Published 11:15am Wednesday, February 3, 2010

By JESSICA SIEFF
Niles Daily Star

Sometimes, certain personal goals can come about from a nagging feeling.

A feeling of something unfinished.

Something long desired.

For Martha Ann Morgan and Earlene Myers, that goal is right in front of them as they sit together at a round table inside the Ferry Street School Community Resource Center, as within their grasp as the pencils they hold in their hands.

Morgan and Myers are taking part in the center’s adult basic education program and GED preparation classes, giving adult students the opportunity to take the first step in furthering their education with basic skills and their GED.
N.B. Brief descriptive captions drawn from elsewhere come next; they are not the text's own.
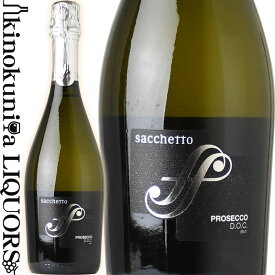 サケット / プロセッコ ブリュット [NV] スパークリングワイン 白 辛口 750ml / イタリア ヴェネト D.O.C. Sacchetto Prosecco Brut サクラアワード2019 シルバーメダル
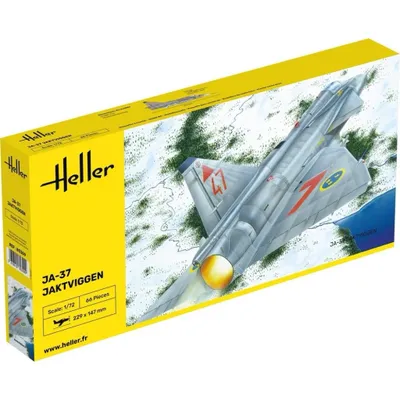 JA-37 Jaktviggen - Plastbyggsats - 80309 - Heller - 1:72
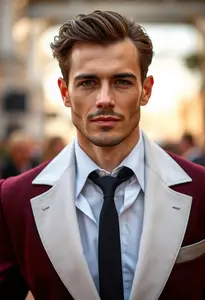 Hollywood Red Carpet Man Attire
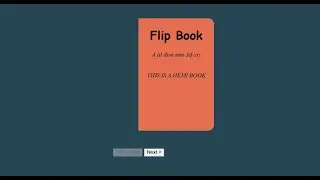 Web project - New one how work in SCSS and CSS  (Flip Book) 3D CSS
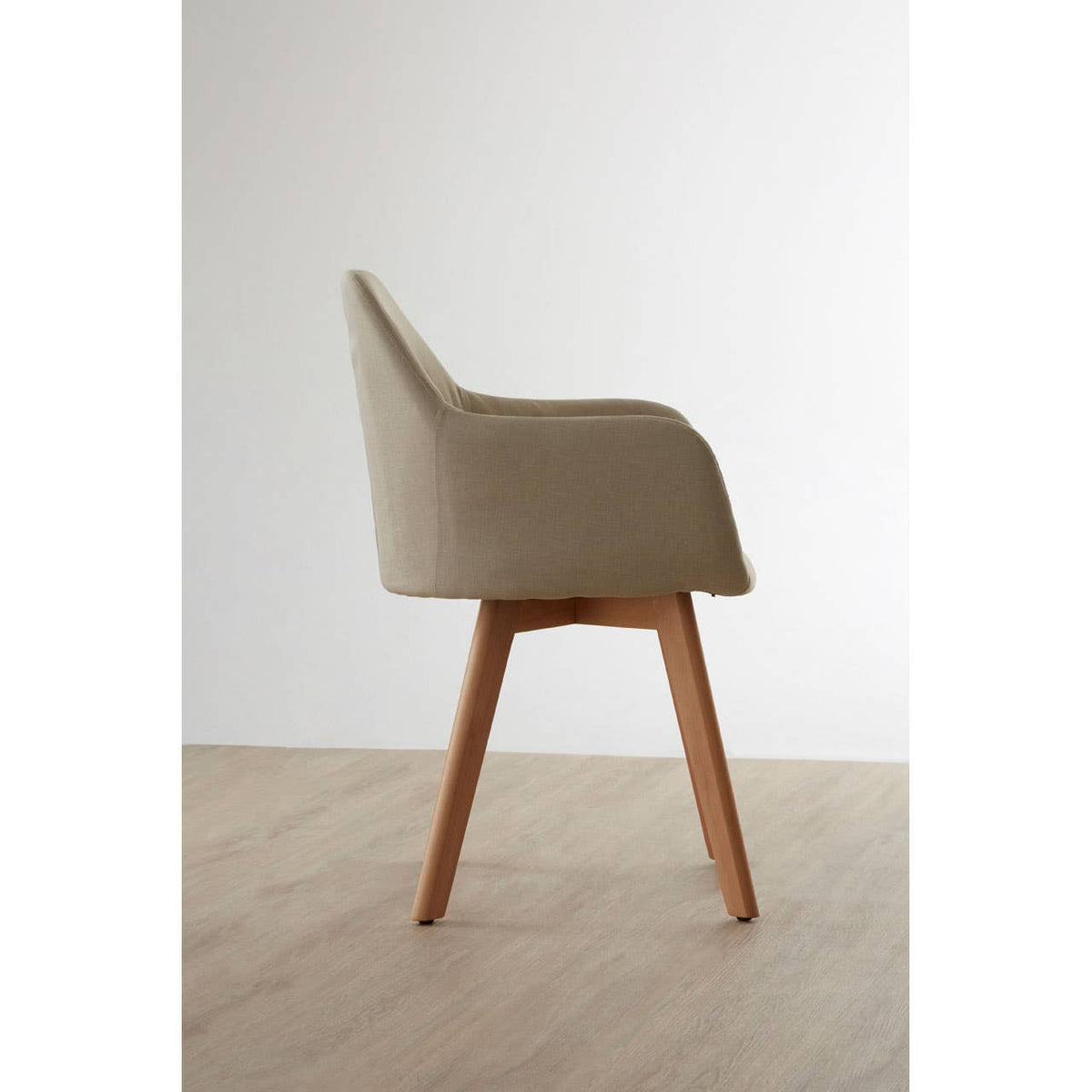 Stockholm Stone Fabric Chair.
“When the resource center first opened, one of the things we were offering was literacy and GED preparation,” Executive Director Lisa Busby said. Through that mission, the center developed and has maintained a good relationship with the Niles Community Schools adult education program.
The two, in a sense, shared students. When students arrived at the district’s Westside building for adult education, if it were found they were in need of basic adult education they were sent to Ferry Street School.

Once through the basic skills at the community resource center, students were sent on to the district to complete the requirements for their GED.

“This is the starting point,” Busby said.

Ferry Street School was educating Niles residents in need of basic skills education out of its own desire.

“Our main focus is reading, math and language,” said Busby, “and we also do writing because the GED test requires an essay.”

The center just received a grant through Title II of the Federal Workforce Investment Act of 1998, which has allowed them to step up their program.

And that’s exactly what Busby and her team are doing.

The two-year program has given the center the opportunity to help area residents interested in furthering their education with a program that is “specifically designed to enhance reading, writing and language levels but also make them more employable.”

Busby said the center has openings for 25 students in the two-year program. Participants must be 20 years old by Sept. 1 2009. Busby said 20 students are currently registered for the program.
Two of those are Morgan and Myers.

“I really needed that (GED) so much,” Myers said. “I always wanted to finish that.”
“It’s kind of like a refresher course,” for some students said instructor Diane Bass.
Morgan, who watched her sister graduate from the district’s adult education program some years ago, said she is more determined than ever in finishing and getting her own diploma.
“We’re here to encourage others,” she said. “It’s never too late.”

Bass said the classes are taught at individual paces in order for students to get the individual help they need.

“That’s the fear with a lot of people,” Morgan said, referring to the fears of feeling they might need more help than others.

“It’s definitely helped me to be more conscious in my punctuation and my writing,” she said. “This exposure has helped me. It’s really a wonderful program.

“It’s great,” she added. “It’s a goal that we’ve been wanting to do.”

Morgan and Myers ride to class together, taking the evening classes. The program runs throughout the week at various times to accommodate participants and their schedules and consists of three instructors.
For the community, the center serves as the first step, the first door to new opportunity.
For students like Myers and Morgan it’s a goal achieved and a dream realized.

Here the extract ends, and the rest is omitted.